Bissinger: Dopo la supercatastrofe di Chernobyl il mondo è tornato di nuovo all’ordine del giorno, e in esso l’atomo sta ancora al primo punto. Di presa di distanza parlano e pensano ancora soltanto gli oppositori, quelli che ormai da sempre l’hanno fatto. Lei, G?nther Anders, è senza dubbio uno dei loro padri spirituali. Si aspettava qualcosa di più dallo choc di Chernobyl? 
 
Anders: È nostro compito – e io ho cercato di adempiere a tale compito – è necessario dare a questo choc una “nota d’eternità”. Non dobbiamo stancarci di dire alla gente: badate, qualcosa del genere può sempre accadere di nuovo.
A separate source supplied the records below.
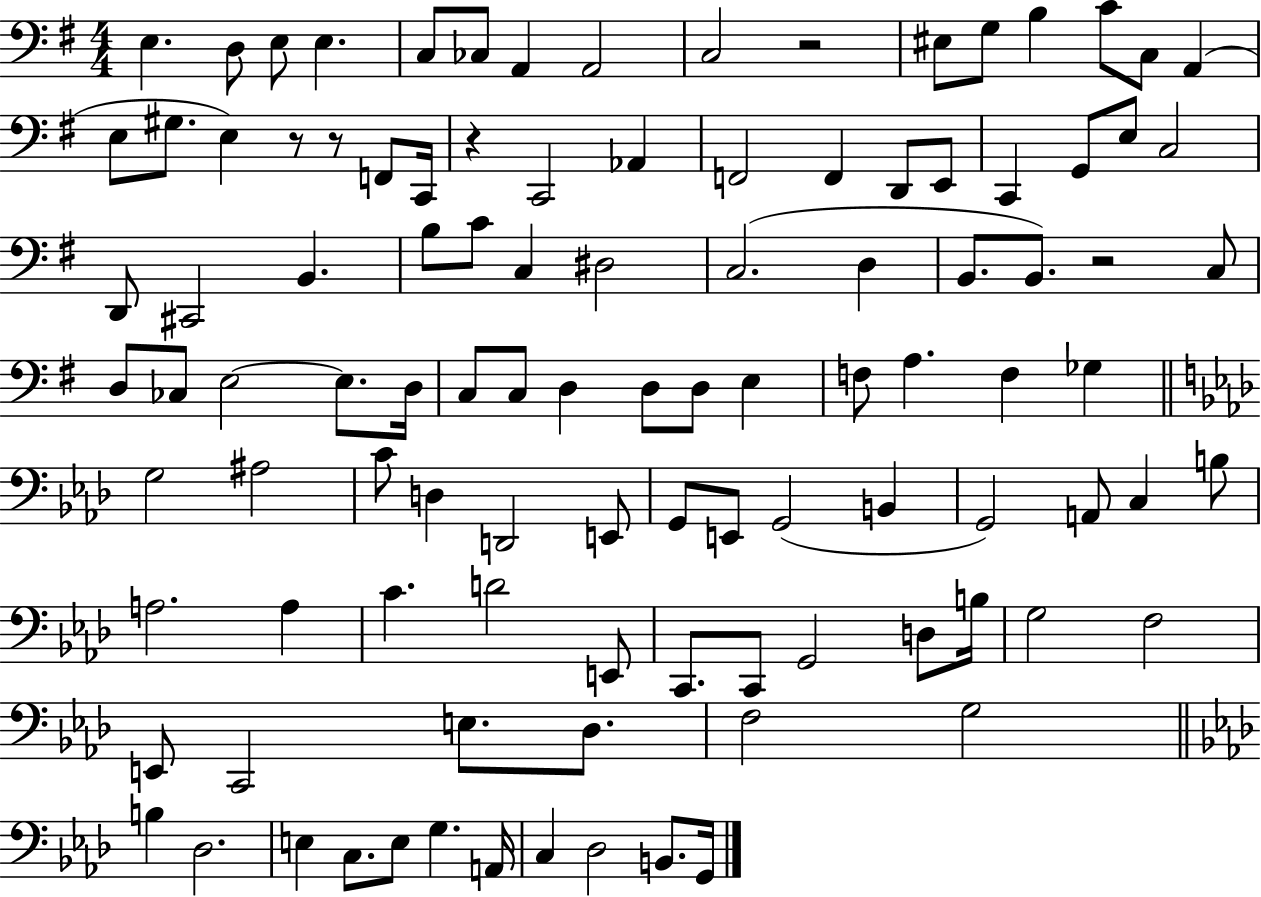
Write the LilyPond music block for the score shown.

{
  \clef bass
  \numericTimeSignature
  \time 4/4
  \key g \major
  \repeat volta 2 { e4. d8 e8 e4. | c8 ces8 a,4 a,2 | c2 r2 | eis8 g8 b4 c'8 c8 a,4( | \break e8 gis8. e4) r8 r8 f,8 c,16 | r4 c,2 aes,4 | f,2 f,4 d,8 e,8 | c,4 g,8 e8 c2 | \break d,8 cis,2 b,4. | b8 c'8 c4 dis2 | c2.( d4 | b,8. b,8.) r2 c8 | \break d8 ces8 e2~~ e8. d16 | c8 c8 d4 d8 d8 e4 | f8 a4. f4 ges4 | \bar "||" \break \key f \minor g2 ais2 | c'8 d4 d,2 e,8 | g,8 e,8 g,2( b,4 | g,2) a,8 c4 b8 | \break a2. a4 | c'4. d'2 e,8 | c,8. c,8 g,2 d8 b16 | g2 f2 | \break e,8 c,2 e8. des8. | f2 g2 | \bar "||" \break \key aes \major b4 des2. | e4 c8. e8 g4. a,16 | c4 des2 b,8. g,16 | } \bar "|."
}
E ciò, non solo perché la tecnica russa sia inferiore a quella dell’Europa occidentale o a quella americana. Anche in Occidente sono già andate storte molte cose, e ciò può ripetersi in qualsiasi momento, e specialmente in Francia, che è disseminata delle più svariate installazioni nucleari. Io sono dell’avviso di fare di Chernobyl – benché ciò possa suonare alquanto cinico – un simbolo, allo stesso modo di Hiroshima, come io per lo meno ho cercato di fare. Era assolutamente fondato il fatto che, a mia insaputa, dal mio slogan “Hiroshima è dappertutto” [1] sia stata coniata la frase “Chernobyl è dappertutto” Questa seconda frase ha perfino un senso più forte della prima. “Hiroshima è dappertutto” voleva dire: “quel che è successo a Hiroshima, può succedere anche in qualsiasi altro luogo del globo”. “Chernobyl è dappertutto” vuol dire invece: se in un singolo luogo come Chernobyl accade una disgrazia, allora questa può co-accadere dappertutto, cioè può raggiungere tutti i punti della Terra. Quindi in un certo qual modo si trasforma in una “epidemia”.